This month I have a really exciting offering for Newsletter readers as I thought, with all the doom and gloom about, we all need a bit of cheering-up.

Every now and then, I take a rest from biographies and learned history books and enter the world of ‘whodunnit’.

No better example can possibly be provided than by Stieg Larsson’s The Girl with the Dragon Tattoo, published in 2008 by Maclehose Press, an imprint of Quercus.

Stieg Larsson was born in Sweden in 1954 and was a very successful journalist until he wrote what became a trilogy of crime novels that have already sold more than 5 million copies worldwide. Sadly, soon after delivering his three crime novels to his publisher, he unexpectedly died and, therefore, was never to see the worldwide phenomenon his work has become.

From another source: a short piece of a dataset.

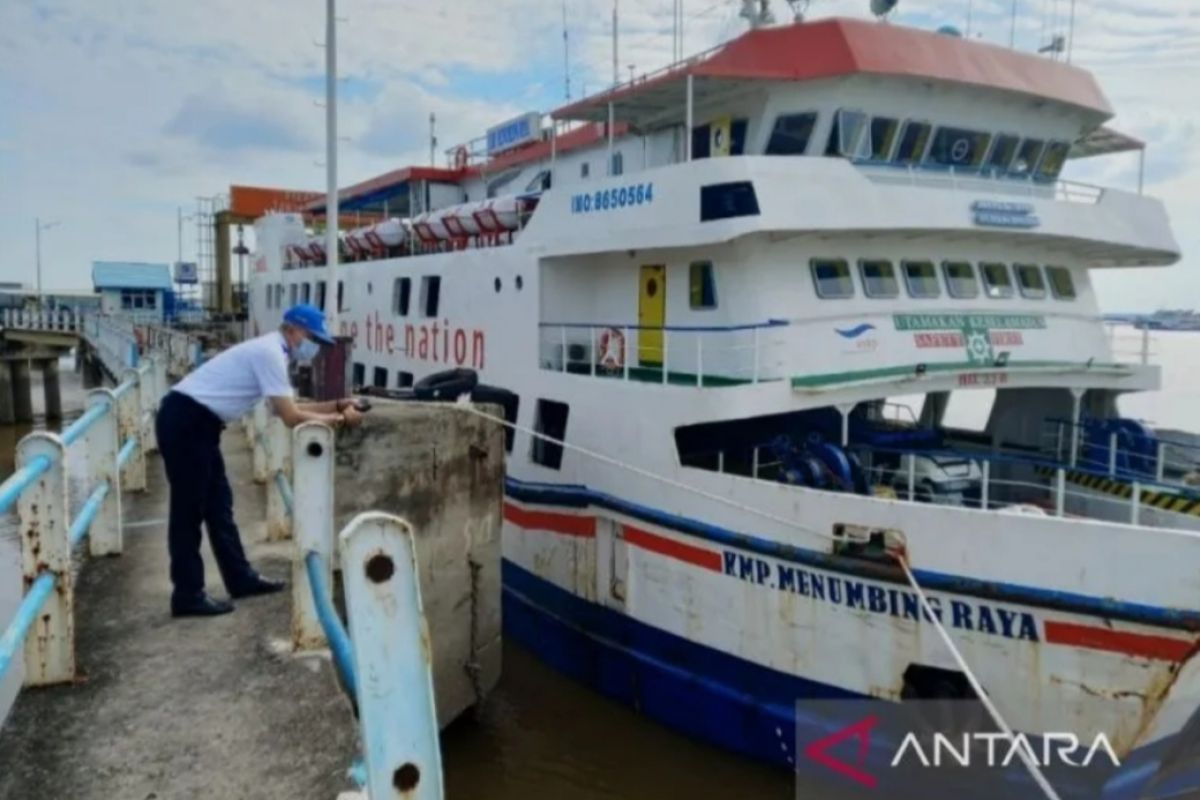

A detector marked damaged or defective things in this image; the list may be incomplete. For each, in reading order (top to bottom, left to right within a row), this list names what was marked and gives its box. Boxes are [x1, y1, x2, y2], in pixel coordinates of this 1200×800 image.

rusty railing post [16, 434, 73, 686]
rusty railing post [288, 422, 331, 647]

Beautifully translated from the Swedish by Reg Keeland, The Girl with the Dragon Tattoos is an exceptionally ambitious debut novel and a potent package. It boasts a timely overriding theme of corporate corruption at the very highest level, a remarkable punk heroine, a fascinating portrait of some aspects of modern Sweden and a steadily accelerating narrative of great verve and brio.

The industrialist, Henrik Vanger, is tormented by the loss of a teenager years earlier. Mikael Blomkvist, a corporate affairs journalist delves into the Vangers’ past to attempt to uncover the truth behind the unsolved mystery. He is assisted in the investigation by Lisbeth Salander, the abused, enigmatic, delinquent and dangerous security specialist.

This is a very Nordic, brooding type of novel which scores on every front – characters, story, atmosphere and translation.

If you want a lift out of the constant everyday gloom at home, go out and buy this extraordinary novel, but beware, the sequel – The Girl who Played with Fire – is a must also!